(Source data)
---*---
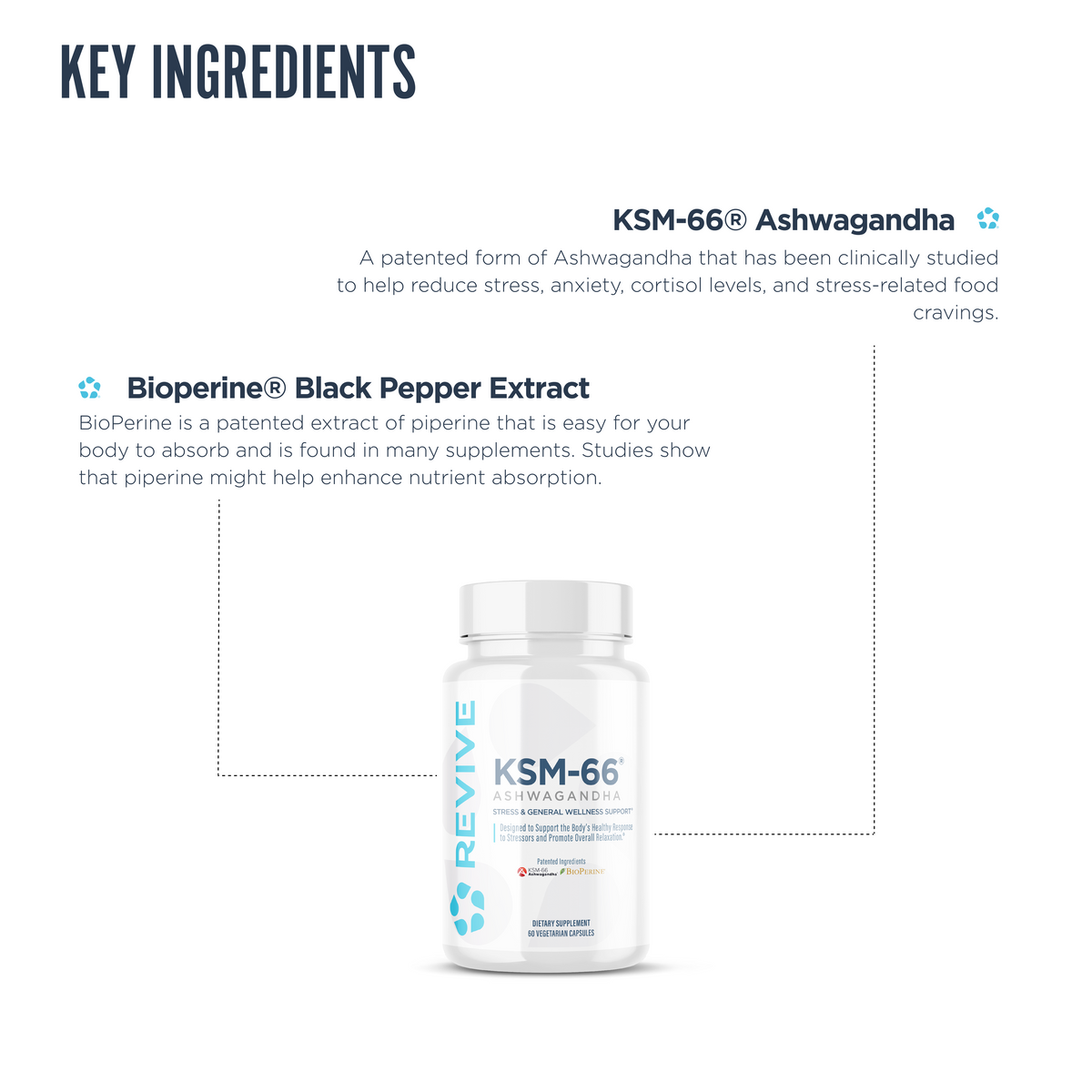 KSM 66 Ashwagandha ingredients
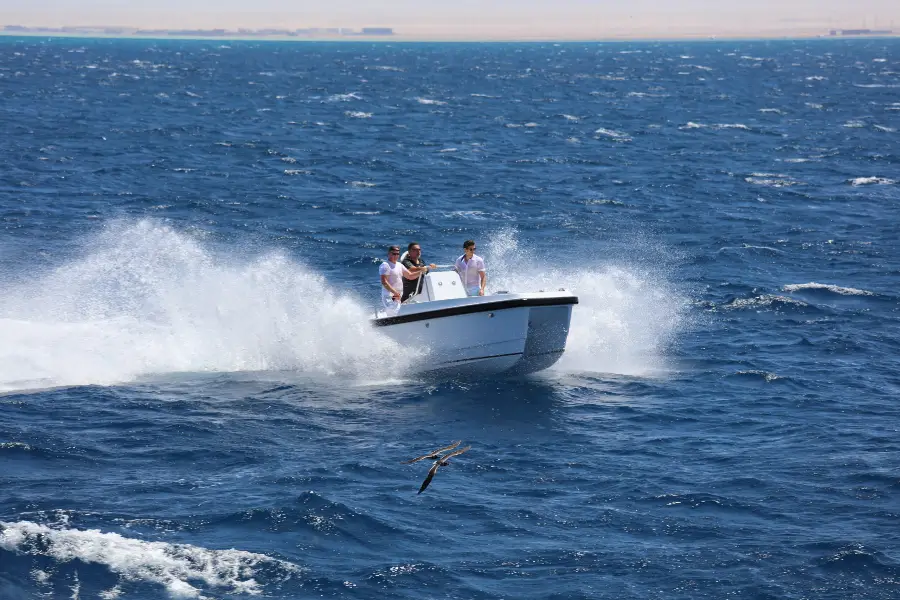 6m Foil Assisted Catamaran tender — LOMOcean design #1602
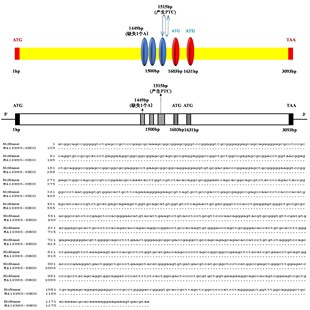 KEGG数据库挖掘 GEO 生信分析单细胞测序服务2 9分定制TCGA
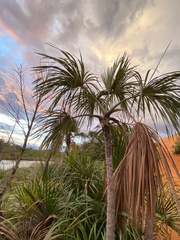 Mauritiella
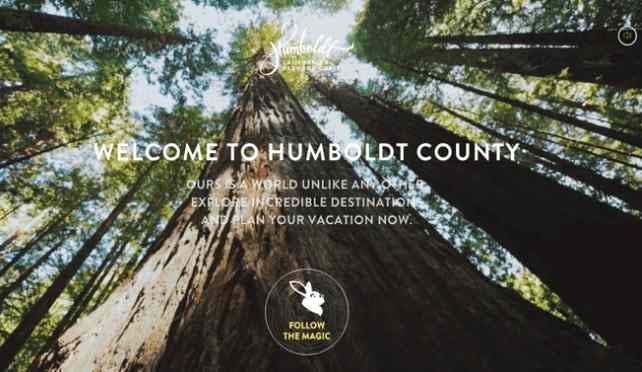 CTA Formulario suscripción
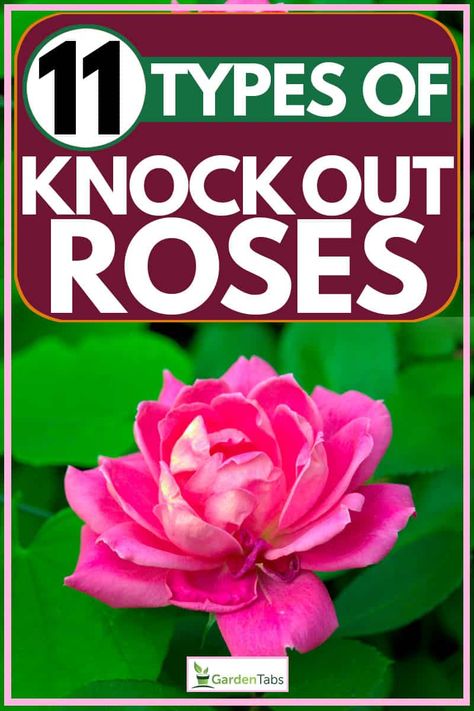 Knockout Roses In Landscaping Ideas, Rose Bush Types, Knock Out Roses Care, Knock Out Roses Landscape Ideas, Types Of Roses To Grow, Knockout Roses In Landscaping, Rose Garden Ideas Backyards, Roses Types Different, Rose Beds Garden Ideas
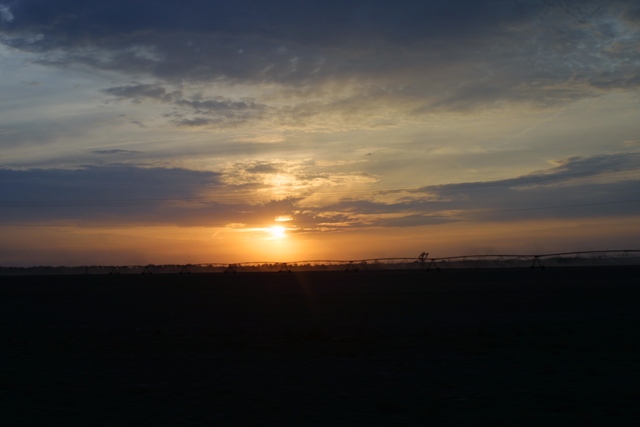 c0062603_1132185.jpg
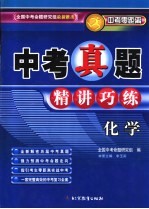 中考真题精讲<em>巧</em>练  化学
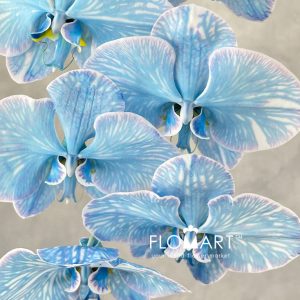Phalaenopsis Dyed Cobalt - Image 2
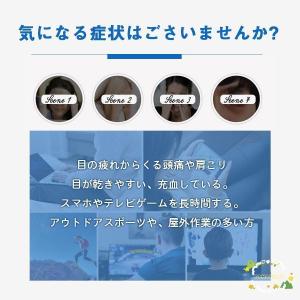 メガネ 花粉症 メンズ レディース 花粉対策 ...の詳細画像5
---*---
## [DIRECTIONS FOR THIS TASK]
Every line of the data above is to be set down exactly; the pictures are not.

## [YOUR RESPONSE]
 KSM 66 Ashwagandha ingredients
 6m Foil Assisted Catamaran tender — LOMOcean design #1602
 KEGG数据库挖掘 GEO 生信分析单细胞测序服务2 9分定制TCGA
 Mauritiella
 CTA Formulario suscripción
 Knockout Roses In Landscaping Ideas, Rose Bush Types, Knock Out Roses Care, Knock Out Roses Landscape Ideas, Types Of Roses To Grow, Knockout Roses In Landscaping, Rose Garden Ideas Backyards, Roses Types Different, Rose Beds Garden Ideas
 c0062603_1132185.jpg
 中考真题精讲<em>巧</em>练  化学
Phalaenopsis Dyed Cobalt - Image 2
 メガネ 花粉症 メンズ レディース 花粉対策 ...の詳細画像5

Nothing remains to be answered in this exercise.